__Work to complete__
In your copy of the data, include no pictures and alter nothing else.

__Dataset extract__
:::

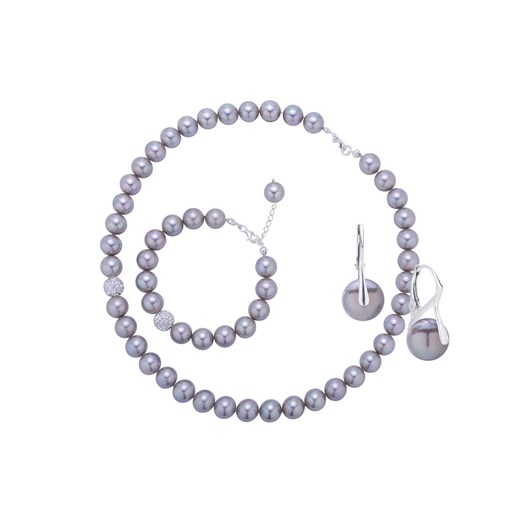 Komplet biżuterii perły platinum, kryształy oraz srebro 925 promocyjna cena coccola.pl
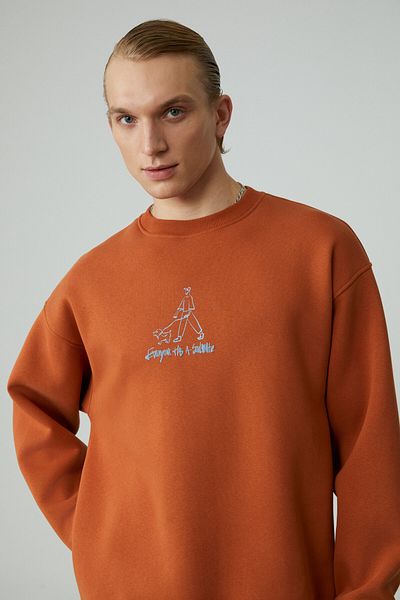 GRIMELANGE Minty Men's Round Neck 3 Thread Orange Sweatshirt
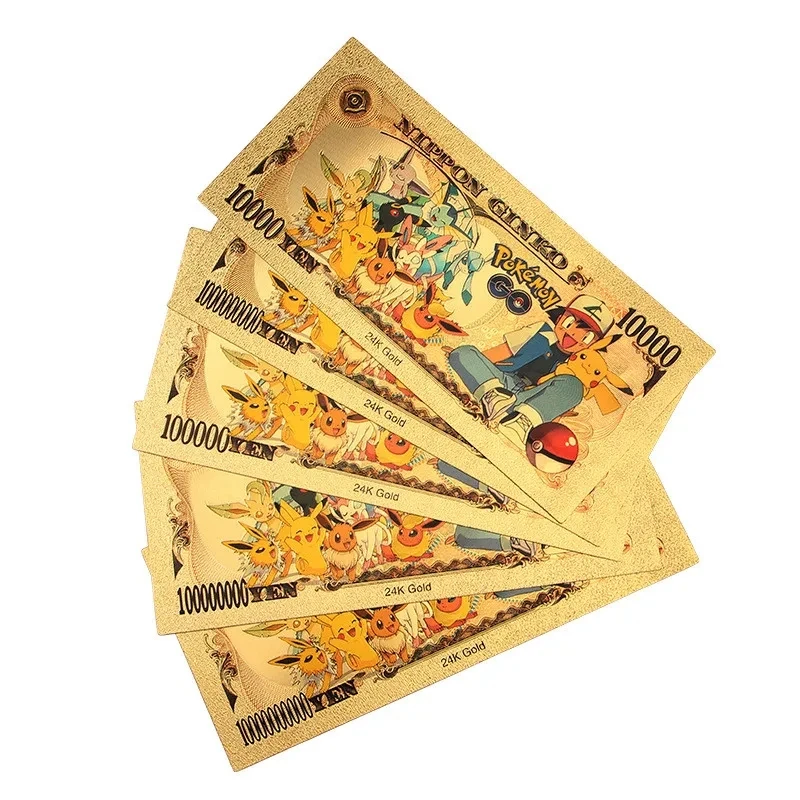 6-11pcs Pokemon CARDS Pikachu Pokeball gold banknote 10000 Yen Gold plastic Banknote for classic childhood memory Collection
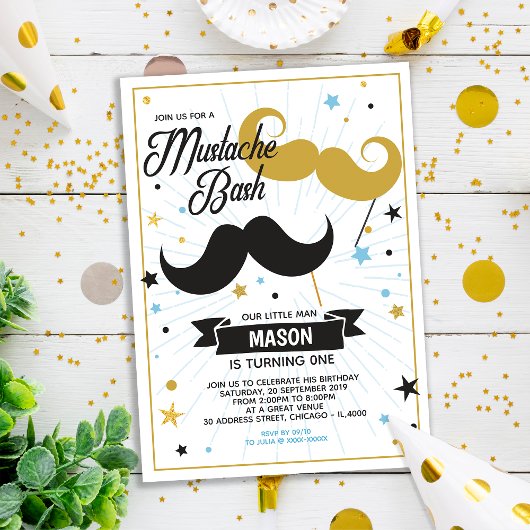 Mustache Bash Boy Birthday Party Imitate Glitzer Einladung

:::

__Answer to this task__
 Komplet biżuterii perły platinum, kryształy oraz srebro 925 promocyjna cena coccola.pl
 GRIMELANGE Minty Men's Round Neck 3 Thread Orange Sweatshirt
 6-11pcs Pokemon CARDS Pikachu Pokeball gold banknote 10000 Yen Gold plastic Banknote for classic childhood memory Collection
 Mustache Bash Boy Birthday Party Imitate Glitzer Einladung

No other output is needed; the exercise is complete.